Sur une carte postale, un homme fait manger à sa compagne indochinoise un carré de chocolat – une vision raciste et sexiste diffusée en France à la fin du 19e siècle. Au cœur de photos « intemporelles » du paysage et des peuples camerounais, l’oppression des colonisateurices est invisibilisée. Face à des images d’archives martiniquaises des 19e et 20e siècles, une artiste en quête d’identité réalise qu’elles servent une propagande coloniale. D’origines et de cultures différentes, Flora Nguyen, Lebohang Kganye et Adeline Rapon ont ce point commun de voyager, à travers divers documents et images, dans les méandres du passé colonial. D’en faire surgir, à force de recherches, de rencontres et d’expérimentations, une vision critique, une histoire reconstruite à l’épreuve de l’influence des oppresseur·se·s. Un véritable travail d’ethnologues visuelles dont elles s’acquittent en faisant dialoguer clichés d’époque et pensées contemporaines.
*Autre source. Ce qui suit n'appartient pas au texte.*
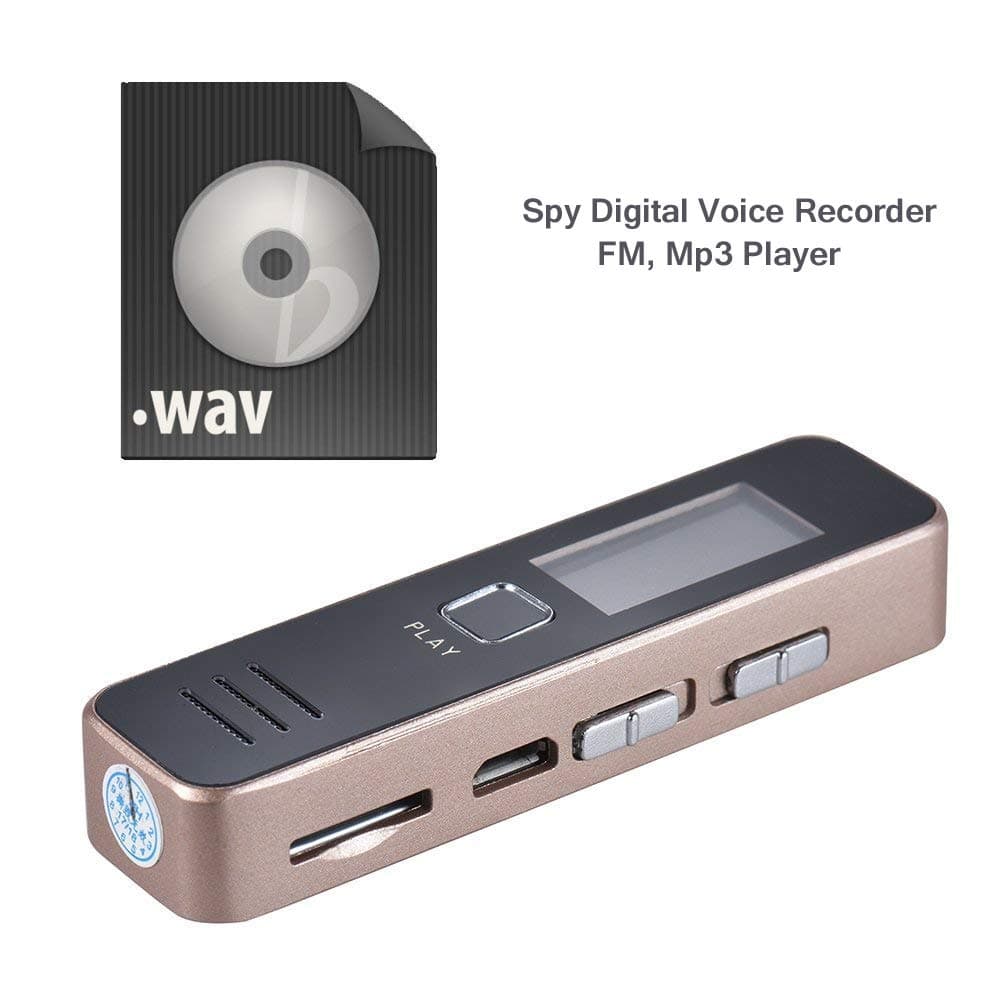 Cheval Mini Digital Voice Recorder 8GB Professional Audio Recorder MP3 Player TF Card Dictaphone Record Microphone Sound Recording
C’est en prenant conscience de leur héritage que les trois femmes photographes se sont lancées dans le développement de leurs œuvres respectives. Pour Lebohang Kgnaye, c’est « la narration personnelle » qui a guidé ses recherches. « J’ai développé mon travail autour de l’Afrique du Sud, mon pays d’origine, de l’apartheid et des conséquences du colonialisme – en cherchant comment ces éléments affectent les identités et les structures familiales », explique-t-elle. Un récit centré sur l’intime dont les nuances inspirent aussi Adeline Rapon. « Je suis fille d’un Martiniquais débarqué en Hexagone à 18 ans, et d’une Corrézienne qui a fui la campagne dans laquelle elle est née pour s’installer à Paris. Et si j’ai l’immense chance d’être allée souvent dans la ferme de mes grands-parents maternels et d’être intarissable sur la majorité des aspects culturels de leur région, je ne peux malheureusement pas en dire autant de la Martinique », explique celle pour qui ce déséquilibre est devenu source d’inspiration. Flora Nguyen, elle, prend conscience du racisme alors qu’elle est encore enfant. « Quand j’étais jeune, à l’école ou dans les transports en commun, on me renvoyait à mon apparence asiatique, alors que je me sentais française avant tout. J’ai découvert que j’étais “différente” dans le regard des autres. Lorsque je suis partie au Vietnam, à la vingtaine, iels ne me considéraient pas comme l’une des leurs non plus : j’avais respiré l’air occidental », explique- t-elle. Touchées par les conséquences d’une guerre, d’une ségrégation ou d’une colonisation, toutes trois s’immergent dans les témoignages, les traces d’un passé relu au prisme d’une pensée dominante. Tradition orale, documentation étrangère, ou tout simplement propagande viennent alors jouer un rôle dans la reconstruction des discours qu’elles s’appliquent à partager.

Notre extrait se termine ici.